GJ 1289 b

Discovery
- Discovery site: Canada–France–Hawaii Telescope
- Discovery date: 2024

Orbital characteristics
- Orbital period (sidereal): 111.74 days

Physical characteristics
- Mass: 6.27 M_{🜨} 0.020 M_{J}

= GJ 1289 b =

Sub-Neptune exoplanet

GJ 1289 b is a sub-Neptune exoplanet orbiting the red dwarf star GJ 1289, located approximately 8.86 parsecs (≈29 light-years) from the Sun. It was discovered using radial-velocity measurements with the near-infrared spectropolarimeter SPIRou at the Canada–France–Hawaii Telescope over multiple years, revealing a minimum mass of 6.27 ± 1.25 Earth masses and a nearly circular orbit with a period of 111.74 days. The host star, an M4.5V fully convective red dwarf with a mass of 0.21 solar masses, exhibits a strong large-scale dipolar magnetic field of 200–240 G and a rotation period of ~73.7 days, which is distinct from the planet's orbital period.
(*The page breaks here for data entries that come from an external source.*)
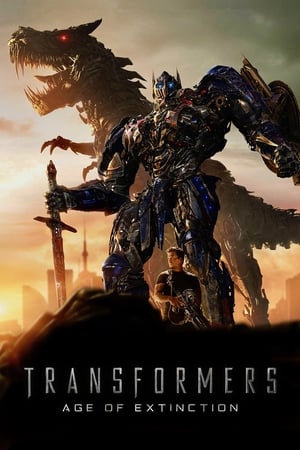 Transformers 4 : Age of Extinction (2014) Hindi Dual Audio 500MB HD Poster Download - Filmyzilla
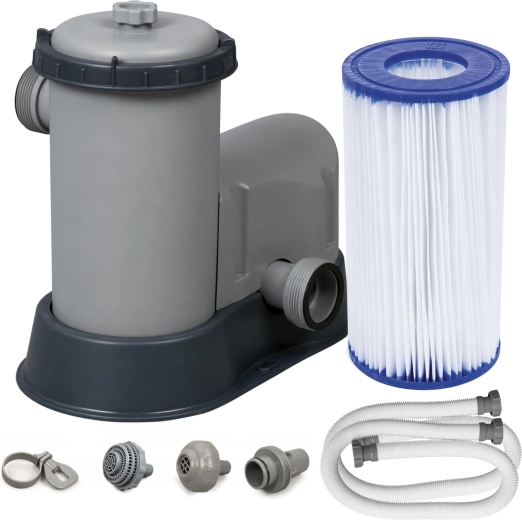 Filterpomp voor zwembad 5678 l/u BESTWAY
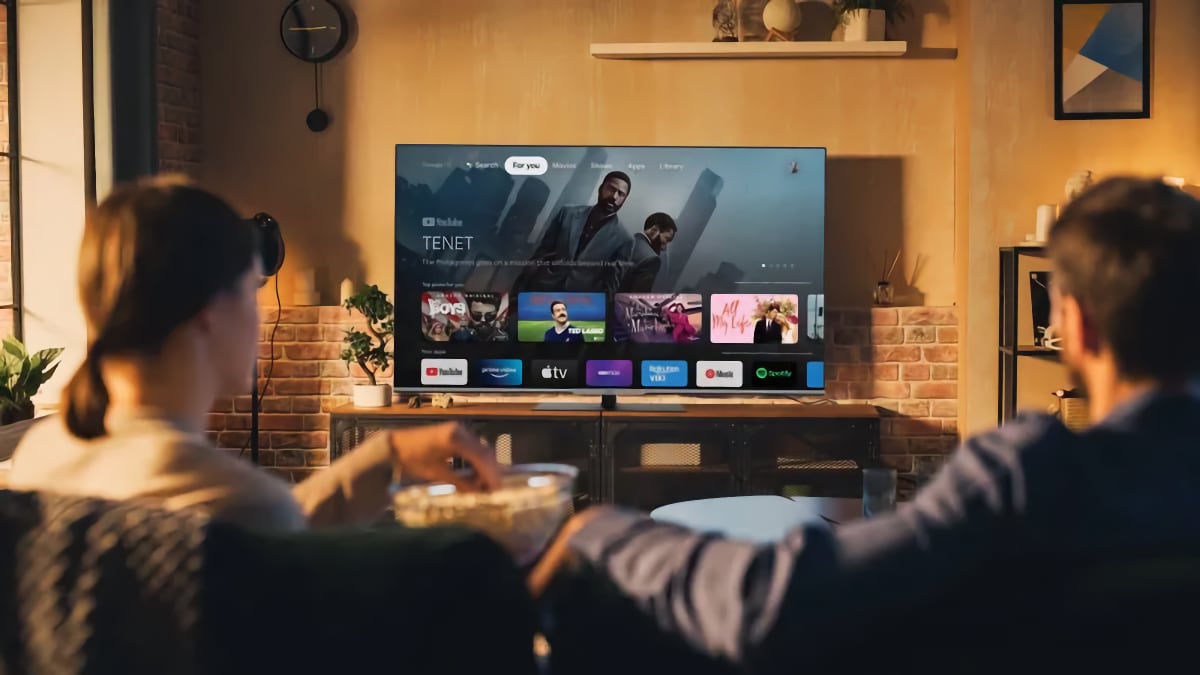 Google TV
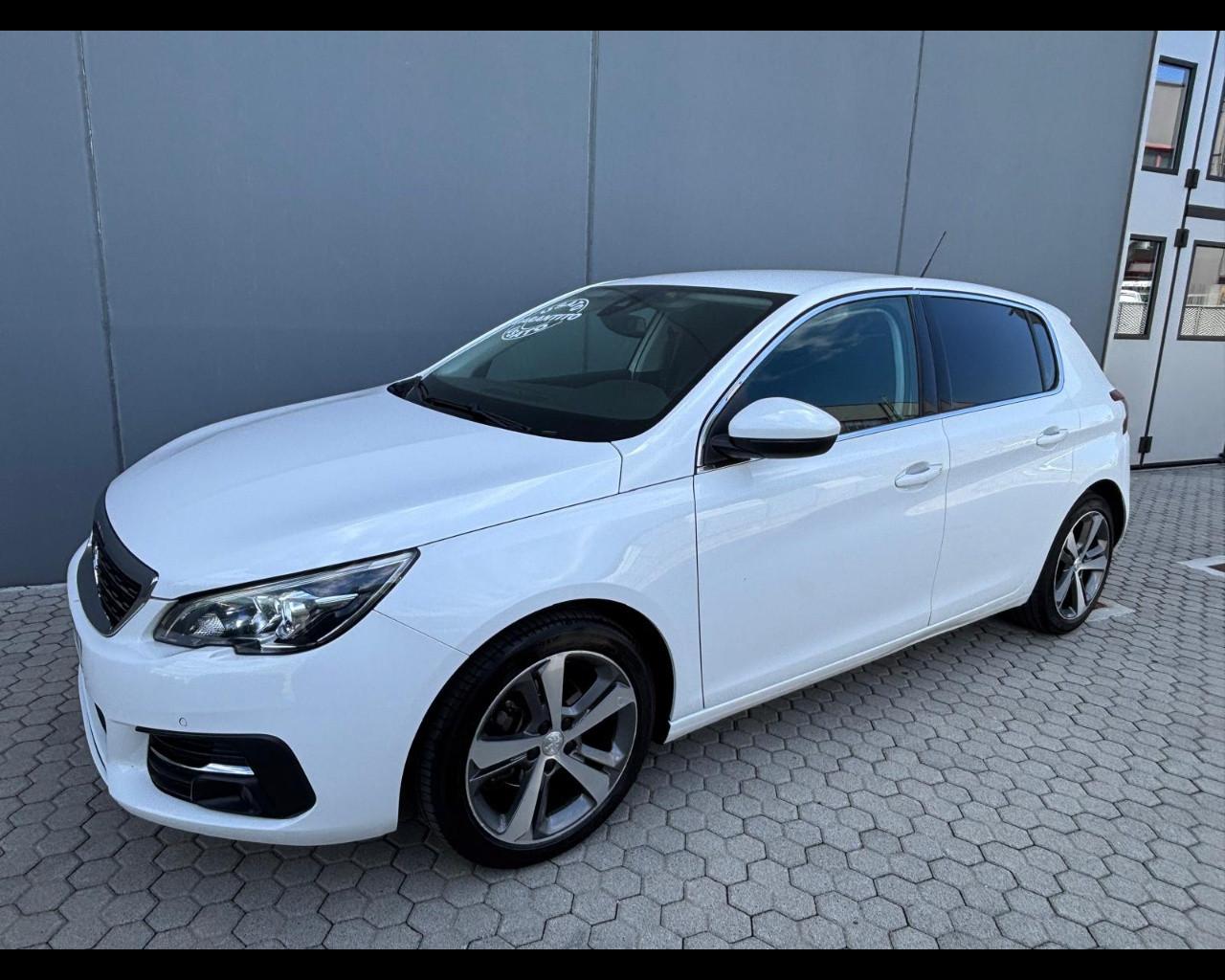 PEUGEOT 308 II 2013 Benzina - 308 5p 1.2 PT t. (e-thp) Allure s&s 130cv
The planet's orbital distance places it beyond the conventional habitable zone of its cool, low-luminosity host, though it may still have a temperate atmosphere, making it a target for further study. Its discovery is notable for demonstrating the detection of planets around fully convective M dwarfs, whose magnetic activity differs significantly from that of partly convective stars, and for showing that low-amplitude radial-velocity signals can be reliably extracted even in the presence of strong stellar magnetic fields.